This was a retrospective cohort study of patients from the Kaiser Permanente Northern California (KPNC) cancer registry who were newly diagnosed with noncardia gastric adenocarcinoma between 2000 and 2010. KPNC is a large integrated health care delivery system that provides care for approximately 3.2 million members annually in Northern California, comprising one third of insured adults in the area. The population is racially and ethnically diverse, which closely approximates the general population in Northern California.17,18
Subjects were identified using International Classification of Diseases diagnostic codes and Surveillance, Epidemiology, and End Results (SEER) site recodes from the KPNC cancer registry. Study subjects were required to have a KPNC membership for a minimum of 12 months prior to the diagnosis of gastric cancer to ensure the availability of adequate baseline data.

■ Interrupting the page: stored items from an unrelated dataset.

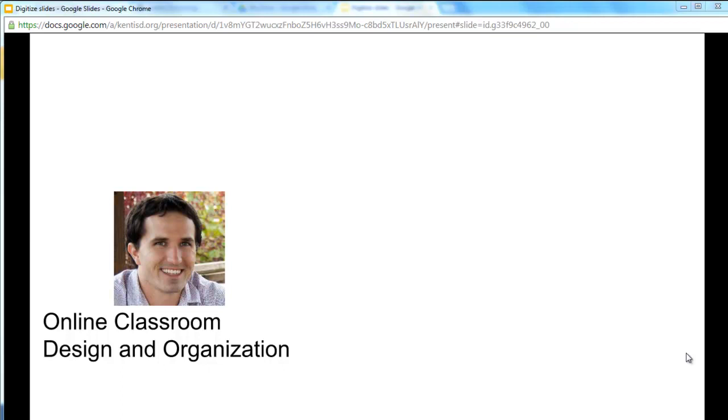Hey, this is Craig, and this is a short video on online classroom design and organization. A bit of an overview, by no means a comprehensive look into how you can, could, or should design your online presence.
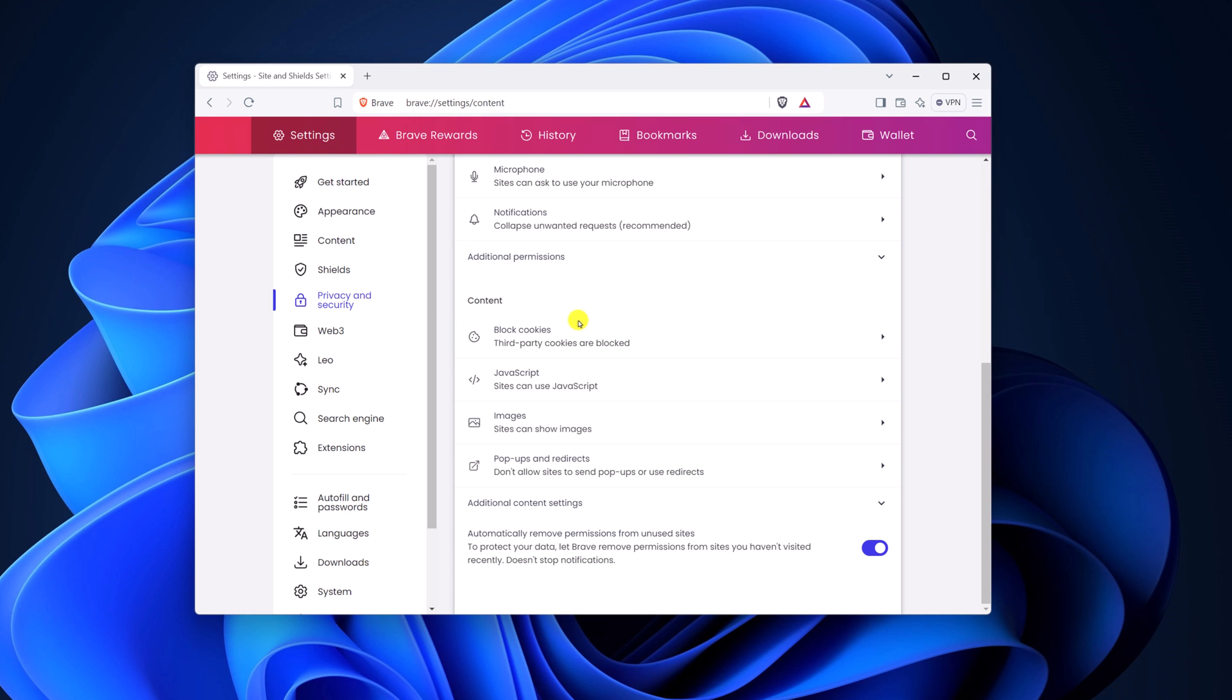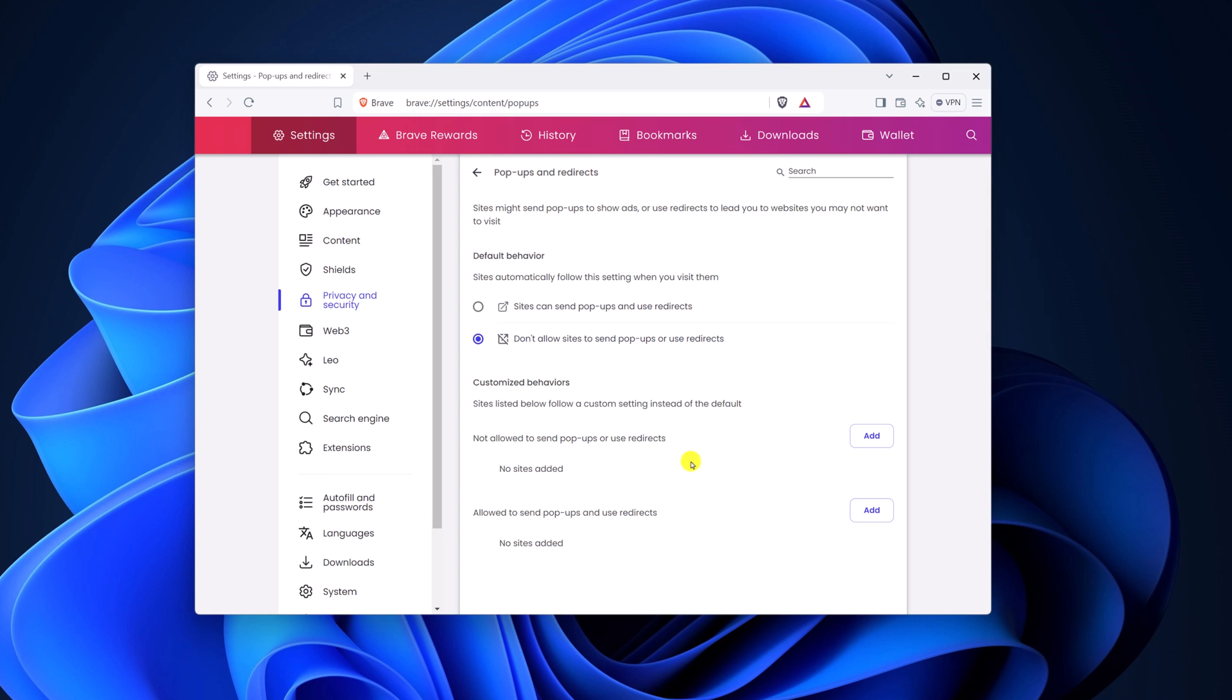Under the content section, you will find pop-ups and redirect settings. Simply click on it. Now here, simply select don't allow sites to send pop-ups or use redirects.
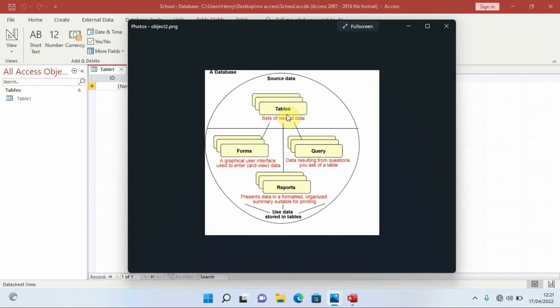That is what we covered in this video: loading Microsoft Access and talking about database objects. In the next video we are going to see how to work with tables and enter data. It's been Henry the computer guy — if you're new to my channel, please don't forget to click the Subscribe button. Bye bye.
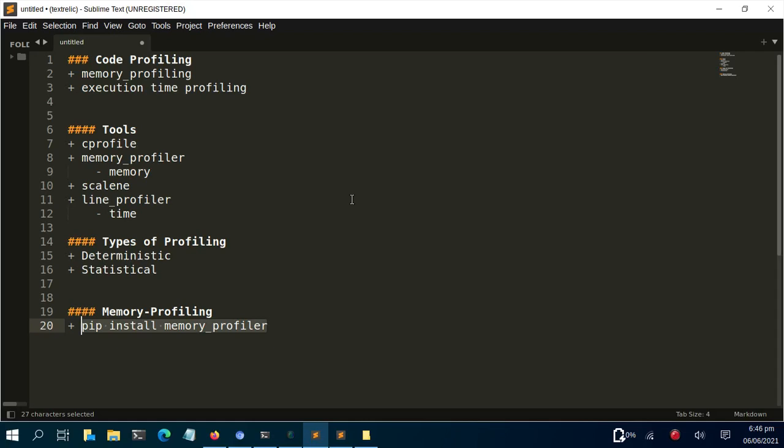Hello everyone, welcome back. My name is Jesse and this is a tutorial where we're going to explore a very nice package called memory_profiler, which is useful in case you want to do some simple profiling of your code.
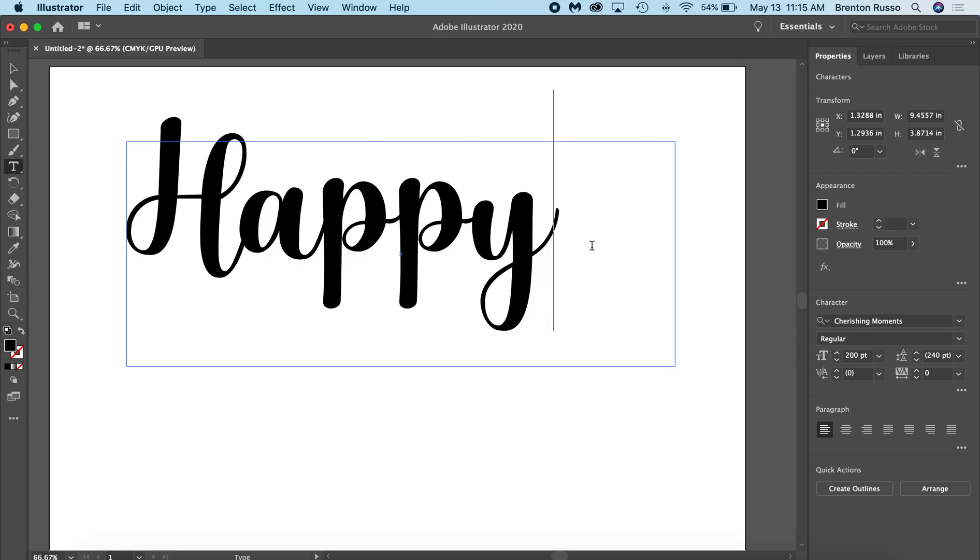So if you notice here, with this font that I have, each letter is already connected. So when this transforms and when we cut it on the laser cutter, it will become one solid piece.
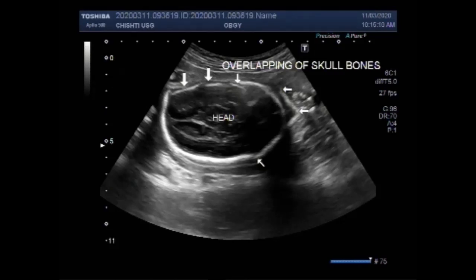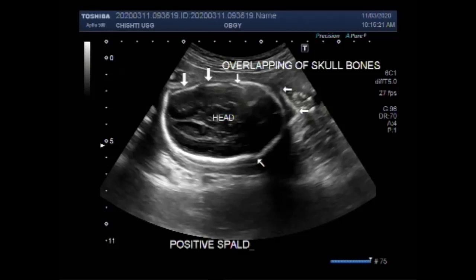This Spalding sign is a sign used in obstetrics and is an indicator of fetal death. Most estimates place the precise time of fetal death at about seven days or more before overlapping and separation of fetal skull bones appear.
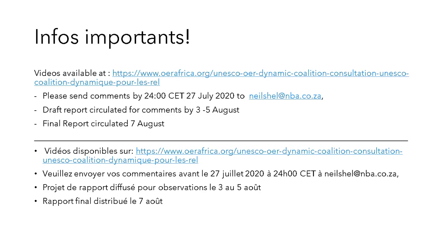There will be a draft report that's circulating for comments between the 3rd and 5th August, and a final report by the 7th of August. We'd like you to send your inputs by Monday night, midnight CET. If you could send it to Neil at the address there and put in the subject of your message the working group to which your comments pertain. So with that, I give you the last steps and I'd like to give the floor to our transversal chairs. First to Gasper who represents the national commissions.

Demographics, including age at diagnosis, gender, race/ethnicity (non-Hispanic Caucasian, Asian, African-origin, and Hispanic) and tumor-related information, were extracted from the KPNC cancer registry or obtained and validated by individual medical record review (M.C.B. and D.L). All cases of noncardia gastric adenocarcinoma were pathologically confirmed. Cases of gastric cancer of the cardia (C160) were excluded. Disease information, including primary tumor location, grade, and stage, were obtained. The primary tumor location was further classified as follows: fundus (C161), body (C162, C165, and C166), antrum/pylorus (C163 and C164), overlapping lesions (C168), and not specified (C169). Grade was defined as well differentiated, moderately differentiated, poorly differentiated/undifferentiated, and unknown. Stage at presentation was categorized as in situ/localized, regional, metastatic, or unknown. Histological type was categorized based on Lauren classification as intestinal, diffuse/mixed, or indeterminate.19
Treatment modalities, including surgery, chemotherapy, and radiation, were obtained. Only surgeries with curative intent, such as partial or total gastrectomy and polypectomy, were included. Mortality data was obtained from the California state mortality files and virtual data warehouse mortality files. Survival time was measured in days from the date of diagnosis of gastric cancer to the date of death. For non-deaths, overall survival was censored at December 31, 2011.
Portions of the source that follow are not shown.